___ Data

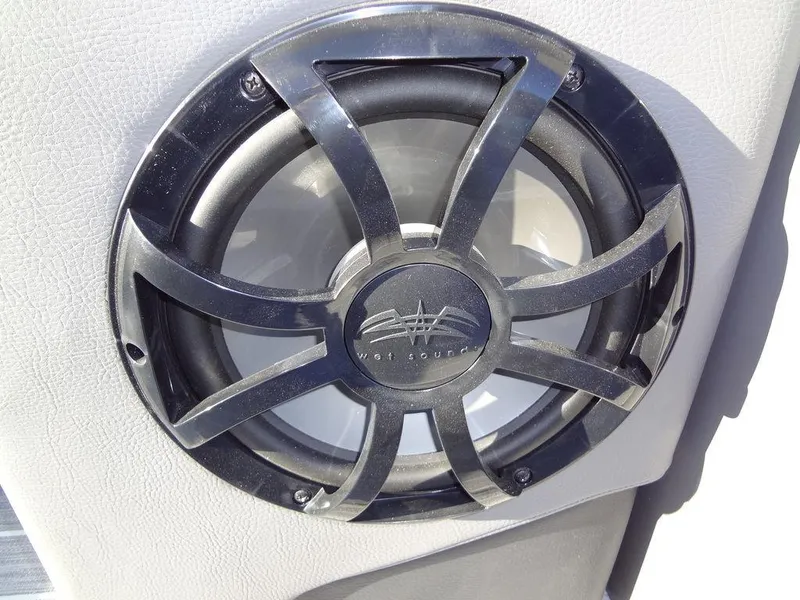 Slide: The Image of Close-up of a speaker on a 2023 Berkshire 25RFX STS 3.0+ boat. - 22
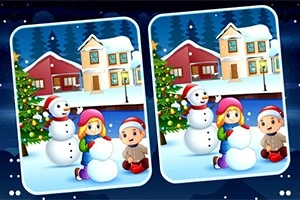 雪景色の中、雪だるまを作る子供たちと家が背景にある二つの似た画像。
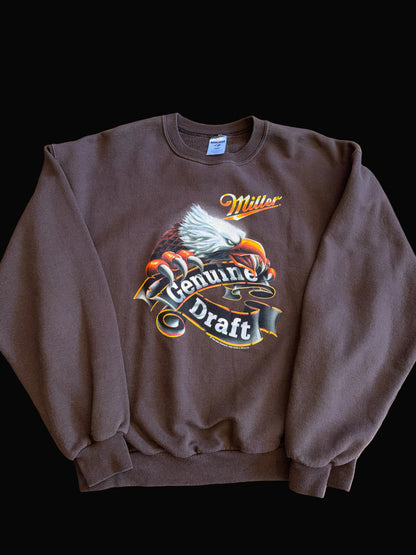 2005 Miller Genuine Draft Eagle Crewneck Brown Size Large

______

- Assignment
Retype the listing above exactly. Pictures are not part of the copy.

- Task output
 Slide: The Image of Close-up of a speaker on a 2023 Berkshire 25RFX STS 3.0+ boat. - 22
 雪景色の中、雪だるまを作る子供たちと家が背景にある二つの似た画像。
 2005 Miller Genuine Draft Eagle Crewneck Brown Size Large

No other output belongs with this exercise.